Sichuan is a province in southeast China, its capital is Chengdu, and it is best known for food that packs an immense amount of heat. While Szechuan Beef or Kung Pao Chicken at your local Chinese takeout may feel underwhelming on a regular basis, real Sichuan food has a completely different look, feel, flavor profile, and set of ingredients.

Shu definitely delivers in authenticity both from its menu and its clientele.

An Elegantly Relaxed Atmosphere

While Han has a lower price point and a more family-style / relaxed vibe, Shu poses as a slightly more elegant restaurant. Not the type of elegance where you need to get all fancy and dress up, but it is a single step above Han in both price point and atmosphere, while still remaining comfortable and relaxed in your dining experience.

A (Heat) Packed Menu

The menu is pretty immense and can be overwhelming for first timers, especially since the dish names are in Chinese. However, if you start with some classic Sichuan dishes, and some of our favorite go-to dishes, your introduction to this delicious cuisine will not disappoint:

Dan Dan Mein
Dan Dan Mein

If you are going to start off with an appetizer, the Dan Dan Mein is always recommended. A noodle dish paired with minced pork, scallions and a spicy sauce, is completely out of this world delicious. To top it off, they mix the noodles and sauce for you table-side, ensuring that every bit of noodle is flavored with the sauce and the pork, so that each bite is equally delicious. This appetizer gets a 2 out of 3 on the Shu spice scale.

Twice Cooked Pork

The name says it all. In its simplest form it is pork belly (basically bacon) cooked twice to give it a nice mix of crunchy and tender, doused in a black bean sauce and paired with leeks and Anaheim peppers, which gives it a nice 1 out of 3 on the Shu spice scale. This is a great first start because of its more mild level of spice. Plus, who doesn’t love pork belly?

Ma La Duck
Ma La Duck and Chongqing Chicken

These two dishes will have you stepping it up a couple of spice notches from the Twice Cooked Pork. Both dishes have a meat (duck or chicken) cut into smaller cubes, cooked as if they were fried (crunchy on the outside, moist on the inside), and completely covered in red chilis.

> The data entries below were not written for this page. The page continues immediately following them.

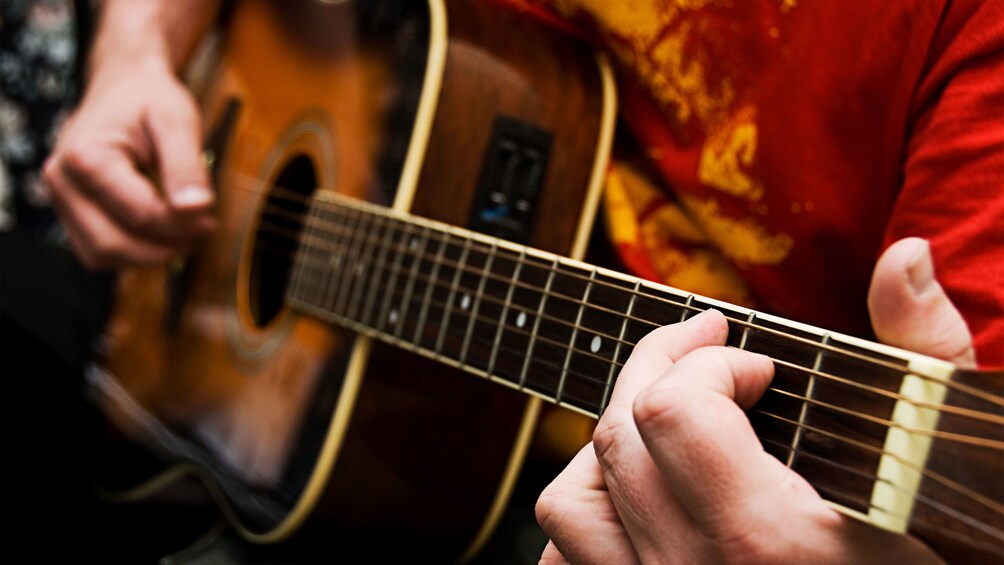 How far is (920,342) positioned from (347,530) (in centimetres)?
54

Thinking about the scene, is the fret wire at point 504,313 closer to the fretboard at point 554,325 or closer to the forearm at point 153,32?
the fretboard at point 554,325

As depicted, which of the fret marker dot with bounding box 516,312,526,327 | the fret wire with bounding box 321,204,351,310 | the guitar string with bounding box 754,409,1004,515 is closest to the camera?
the guitar string with bounding box 754,409,1004,515

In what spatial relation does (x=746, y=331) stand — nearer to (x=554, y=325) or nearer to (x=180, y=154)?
(x=554, y=325)

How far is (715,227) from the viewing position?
64 cm

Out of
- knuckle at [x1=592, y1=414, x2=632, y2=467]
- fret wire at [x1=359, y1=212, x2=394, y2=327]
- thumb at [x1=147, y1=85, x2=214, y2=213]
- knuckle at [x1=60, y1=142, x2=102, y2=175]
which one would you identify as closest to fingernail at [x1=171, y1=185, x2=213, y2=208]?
thumb at [x1=147, y1=85, x2=214, y2=213]

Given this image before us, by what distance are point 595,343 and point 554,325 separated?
1.5 inches

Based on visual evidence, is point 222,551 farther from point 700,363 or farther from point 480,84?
point 700,363

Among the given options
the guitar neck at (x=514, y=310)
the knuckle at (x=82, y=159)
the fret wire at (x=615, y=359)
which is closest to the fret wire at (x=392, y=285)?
the guitar neck at (x=514, y=310)

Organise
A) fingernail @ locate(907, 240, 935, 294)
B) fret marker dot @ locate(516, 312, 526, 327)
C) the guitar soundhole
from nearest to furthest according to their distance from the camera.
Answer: fingernail @ locate(907, 240, 935, 294), fret marker dot @ locate(516, 312, 526, 327), the guitar soundhole

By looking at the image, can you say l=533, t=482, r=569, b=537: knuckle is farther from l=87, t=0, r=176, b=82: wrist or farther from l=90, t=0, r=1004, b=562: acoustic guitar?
l=87, t=0, r=176, b=82: wrist

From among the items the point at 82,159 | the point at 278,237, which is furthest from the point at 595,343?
the point at 82,159

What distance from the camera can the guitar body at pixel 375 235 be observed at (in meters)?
0.70

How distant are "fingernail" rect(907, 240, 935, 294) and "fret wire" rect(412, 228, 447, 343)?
1.04 feet

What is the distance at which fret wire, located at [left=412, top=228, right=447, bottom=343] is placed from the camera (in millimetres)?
599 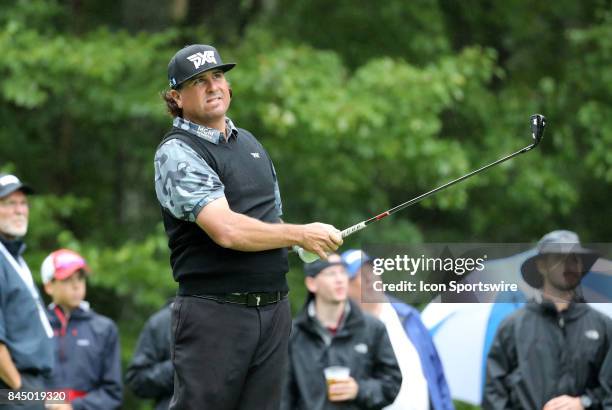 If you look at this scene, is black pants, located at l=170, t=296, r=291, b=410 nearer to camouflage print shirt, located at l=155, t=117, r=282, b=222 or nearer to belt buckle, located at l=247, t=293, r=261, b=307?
belt buckle, located at l=247, t=293, r=261, b=307

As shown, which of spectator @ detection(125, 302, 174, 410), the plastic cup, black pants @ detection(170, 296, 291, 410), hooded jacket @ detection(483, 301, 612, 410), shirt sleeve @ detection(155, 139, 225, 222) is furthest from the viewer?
spectator @ detection(125, 302, 174, 410)

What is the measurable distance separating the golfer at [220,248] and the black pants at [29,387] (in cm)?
157

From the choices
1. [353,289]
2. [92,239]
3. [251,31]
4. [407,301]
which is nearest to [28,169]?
[92,239]

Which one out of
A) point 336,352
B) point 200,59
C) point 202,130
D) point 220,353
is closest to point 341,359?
point 336,352

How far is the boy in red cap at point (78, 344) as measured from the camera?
7238 mm

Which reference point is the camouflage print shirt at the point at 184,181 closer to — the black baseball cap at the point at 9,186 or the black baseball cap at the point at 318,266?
the black baseball cap at the point at 9,186

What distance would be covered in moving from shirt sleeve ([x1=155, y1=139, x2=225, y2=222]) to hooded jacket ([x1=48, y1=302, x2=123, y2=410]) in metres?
3.16

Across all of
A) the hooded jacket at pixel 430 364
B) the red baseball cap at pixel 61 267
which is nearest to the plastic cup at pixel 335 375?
the hooded jacket at pixel 430 364

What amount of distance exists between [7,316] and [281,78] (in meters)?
5.35

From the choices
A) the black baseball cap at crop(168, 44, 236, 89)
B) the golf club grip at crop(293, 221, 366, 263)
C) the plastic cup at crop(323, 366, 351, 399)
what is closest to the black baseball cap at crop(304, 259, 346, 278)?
the plastic cup at crop(323, 366, 351, 399)

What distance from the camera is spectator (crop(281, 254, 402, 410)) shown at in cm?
623

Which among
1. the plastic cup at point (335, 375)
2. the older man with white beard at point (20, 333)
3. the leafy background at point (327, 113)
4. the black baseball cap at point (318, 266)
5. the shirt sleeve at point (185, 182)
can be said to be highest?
the leafy background at point (327, 113)

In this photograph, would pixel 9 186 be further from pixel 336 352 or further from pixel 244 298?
pixel 244 298

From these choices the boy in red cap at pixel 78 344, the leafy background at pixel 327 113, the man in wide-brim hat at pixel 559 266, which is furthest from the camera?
the leafy background at pixel 327 113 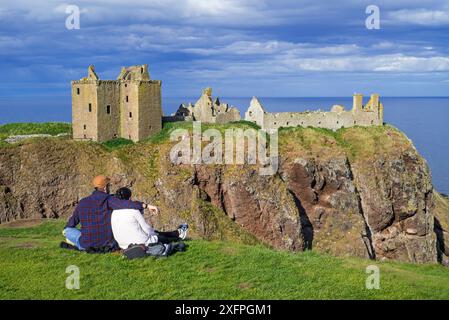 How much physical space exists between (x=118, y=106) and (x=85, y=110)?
3364mm

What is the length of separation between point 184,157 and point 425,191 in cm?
2855

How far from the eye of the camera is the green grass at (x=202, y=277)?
45.4 feet

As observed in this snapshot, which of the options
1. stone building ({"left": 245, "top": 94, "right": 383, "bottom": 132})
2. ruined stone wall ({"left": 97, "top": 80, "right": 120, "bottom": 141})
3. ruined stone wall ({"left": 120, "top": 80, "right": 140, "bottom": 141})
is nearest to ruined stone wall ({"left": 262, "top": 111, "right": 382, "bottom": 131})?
stone building ({"left": 245, "top": 94, "right": 383, "bottom": 132})

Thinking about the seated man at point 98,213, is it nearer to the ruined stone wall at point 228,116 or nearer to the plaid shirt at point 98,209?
the plaid shirt at point 98,209

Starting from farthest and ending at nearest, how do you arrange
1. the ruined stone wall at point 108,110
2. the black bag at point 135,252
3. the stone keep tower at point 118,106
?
1. the ruined stone wall at point 108,110
2. the stone keep tower at point 118,106
3. the black bag at point 135,252

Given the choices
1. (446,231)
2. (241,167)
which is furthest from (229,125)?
(446,231)

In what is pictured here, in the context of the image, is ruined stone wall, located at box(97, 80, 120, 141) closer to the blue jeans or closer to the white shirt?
the blue jeans

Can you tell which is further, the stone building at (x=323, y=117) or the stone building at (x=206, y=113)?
the stone building at (x=323, y=117)

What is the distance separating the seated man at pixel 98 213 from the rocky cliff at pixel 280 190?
25372mm

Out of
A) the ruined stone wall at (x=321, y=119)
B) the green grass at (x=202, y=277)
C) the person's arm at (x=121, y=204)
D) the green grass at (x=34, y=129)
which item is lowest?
the green grass at (x=202, y=277)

The first time we ordered Chongqing Chicken, we weren’t quite sure whether or not you were supposed to eat the chilis.

Some people say yes, others say no.

We say… they are delicious, but only as long as you don’t get one with a lot of seeds in them! Choose which ones you eat carefully, because this dish definitely reaches a 3 out of 3 on the Shu spice scale.

Kung Pao Chicken (the authentic version)

Now while the name of this dish sounds familiar, the taste of it will be completely unrecognizable.

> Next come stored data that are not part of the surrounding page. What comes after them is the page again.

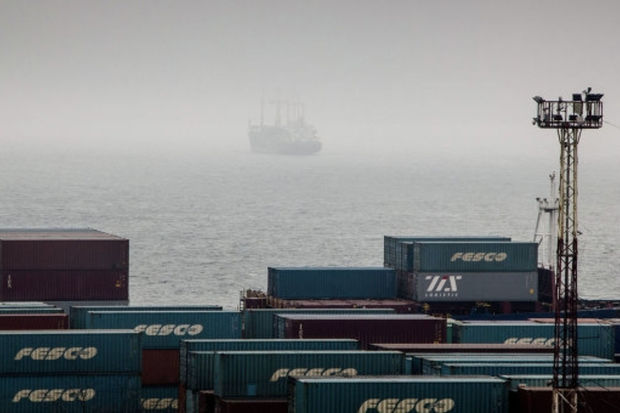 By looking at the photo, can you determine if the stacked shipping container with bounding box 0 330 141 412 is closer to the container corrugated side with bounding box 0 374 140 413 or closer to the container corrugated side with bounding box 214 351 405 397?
the container corrugated side with bounding box 0 374 140 413

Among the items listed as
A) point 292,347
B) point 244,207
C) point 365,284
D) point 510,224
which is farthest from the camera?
point 244,207

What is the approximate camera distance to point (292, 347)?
4284 cm

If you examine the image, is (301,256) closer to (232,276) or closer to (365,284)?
(232,276)

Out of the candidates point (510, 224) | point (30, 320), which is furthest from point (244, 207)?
point (30, 320)

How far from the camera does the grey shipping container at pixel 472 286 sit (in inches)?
2557

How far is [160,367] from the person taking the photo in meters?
47.5

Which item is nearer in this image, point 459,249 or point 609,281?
point 459,249

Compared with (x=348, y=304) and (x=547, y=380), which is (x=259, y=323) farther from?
(x=547, y=380)

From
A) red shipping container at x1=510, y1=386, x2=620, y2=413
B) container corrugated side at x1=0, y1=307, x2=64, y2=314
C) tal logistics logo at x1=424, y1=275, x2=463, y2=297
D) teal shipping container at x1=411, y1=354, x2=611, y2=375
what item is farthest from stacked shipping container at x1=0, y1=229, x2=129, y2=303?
red shipping container at x1=510, y1=386, x2=620, y2=413

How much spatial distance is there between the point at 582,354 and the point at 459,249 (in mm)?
17509

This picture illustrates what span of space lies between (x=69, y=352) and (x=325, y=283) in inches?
923

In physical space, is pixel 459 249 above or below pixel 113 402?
above

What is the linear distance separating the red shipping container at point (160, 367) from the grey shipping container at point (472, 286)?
19.2 meters

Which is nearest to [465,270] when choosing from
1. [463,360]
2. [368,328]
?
[368,328] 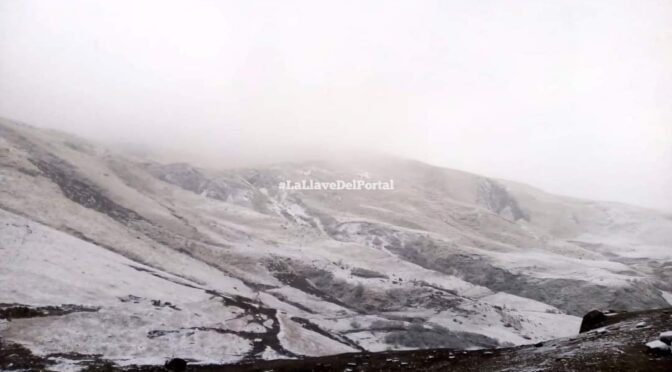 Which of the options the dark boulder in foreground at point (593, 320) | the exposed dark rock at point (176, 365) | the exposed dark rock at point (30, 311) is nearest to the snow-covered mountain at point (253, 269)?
the exposed dark rock at point (30, 311)

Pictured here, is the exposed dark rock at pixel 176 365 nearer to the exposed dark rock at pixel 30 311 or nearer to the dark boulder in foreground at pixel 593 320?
the exposed dark rock at pixel 30 311

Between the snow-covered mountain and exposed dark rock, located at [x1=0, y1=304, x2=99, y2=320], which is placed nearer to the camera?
exposed dark rock, located at [x1=0, y1=304, x2=99, y2=320]

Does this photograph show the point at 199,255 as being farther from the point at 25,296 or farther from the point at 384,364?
the point at 384,364

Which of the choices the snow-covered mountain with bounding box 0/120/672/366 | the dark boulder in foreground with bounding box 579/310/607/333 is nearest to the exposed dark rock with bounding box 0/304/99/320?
the snow-covered mountain with bounding box 0/120/672/366

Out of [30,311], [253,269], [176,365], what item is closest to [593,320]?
[176,365]

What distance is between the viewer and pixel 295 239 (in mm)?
136625

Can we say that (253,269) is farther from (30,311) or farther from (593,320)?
(593,320)

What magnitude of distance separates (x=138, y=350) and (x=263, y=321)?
77.9 ft

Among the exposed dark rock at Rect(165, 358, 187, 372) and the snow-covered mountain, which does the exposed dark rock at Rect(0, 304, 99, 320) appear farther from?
the exposed dark rock at Rect(165, 358, 187, 372)

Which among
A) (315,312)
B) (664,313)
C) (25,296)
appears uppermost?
(664,313)

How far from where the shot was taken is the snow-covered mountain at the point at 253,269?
6181 centimetres

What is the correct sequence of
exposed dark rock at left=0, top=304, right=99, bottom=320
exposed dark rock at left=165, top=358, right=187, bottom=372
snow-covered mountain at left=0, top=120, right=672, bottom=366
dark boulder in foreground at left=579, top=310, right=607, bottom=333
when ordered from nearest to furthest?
dark boulder in foreground at left=579, top=310, right=607, bottom=333
exposed dark rock at left=165, top=358, right=187, bottom=372
exposed dark rock at left=0, top=304, right=99, bottom=320
snow-covered mountain at left=0, top=120, right=672, bottom=366

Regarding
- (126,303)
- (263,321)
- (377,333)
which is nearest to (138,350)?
(126,303)

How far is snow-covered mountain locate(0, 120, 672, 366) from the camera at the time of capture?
203 feet
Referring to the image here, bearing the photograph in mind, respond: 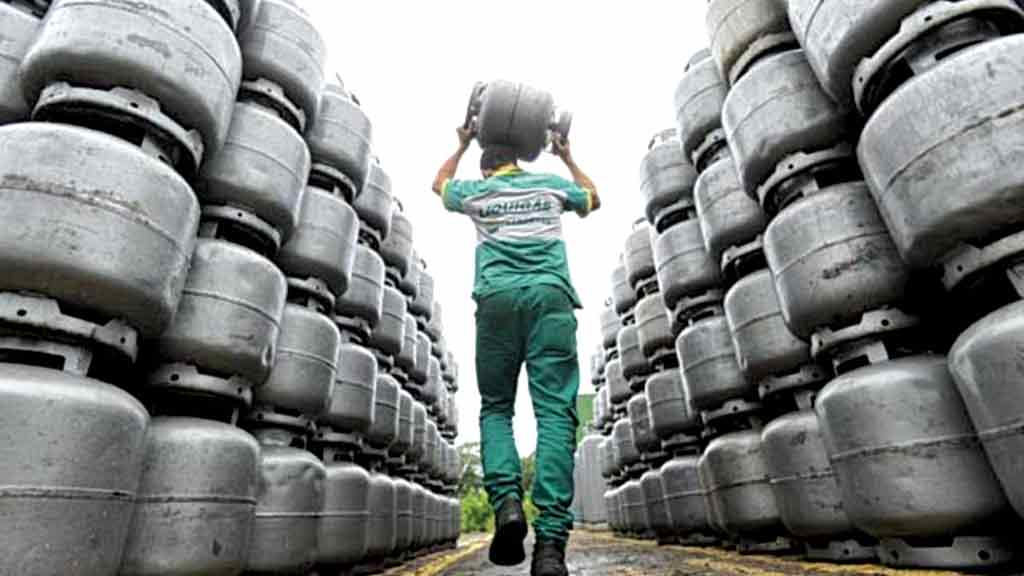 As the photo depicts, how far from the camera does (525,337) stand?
249cm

This is a far cry from your local takeout Kung Pao Chicken. Once you taste the authentic version, you will never go back to the American-ized way.

Shu’s Kung Pao Chicken has all the similar ingredients that you’re used to in the dish, but with a few exceptions. You’ll still have the chicken, pepper, onion, peanuts and scallion, but the sauce will not be as thick as you’ve experienced otherwise, and will be much more flavorful. This authentic version includes red chilis, and our personal favorite part, Chinese peppercorns.

Chinese peppercorns look like just a normal peppercorn, but the flavor is something we can guarantee you’ve never experienced before.

All we can say is, get ready for a distinct mouth numbing sensation.

This dish is definitely foreign to any other cuisine, and reaches a 2 out of 3 on the Shu spice scale.

Mouthwatering Chicken

Other notable dishes to try:

  • Mouth Watering Chicken (literally translated)
  • Chengdu Dumplings
  • Ma Po Tofu (minced pork included)
  • Napa Beef

So the next time you’re in the mood for something spicy, skip the hot wings and go try out Shu for an authentic, and flavorfully spicy culinary experience (oh, and make sure to order a Tsingtao beer to help with the heat). Cheers!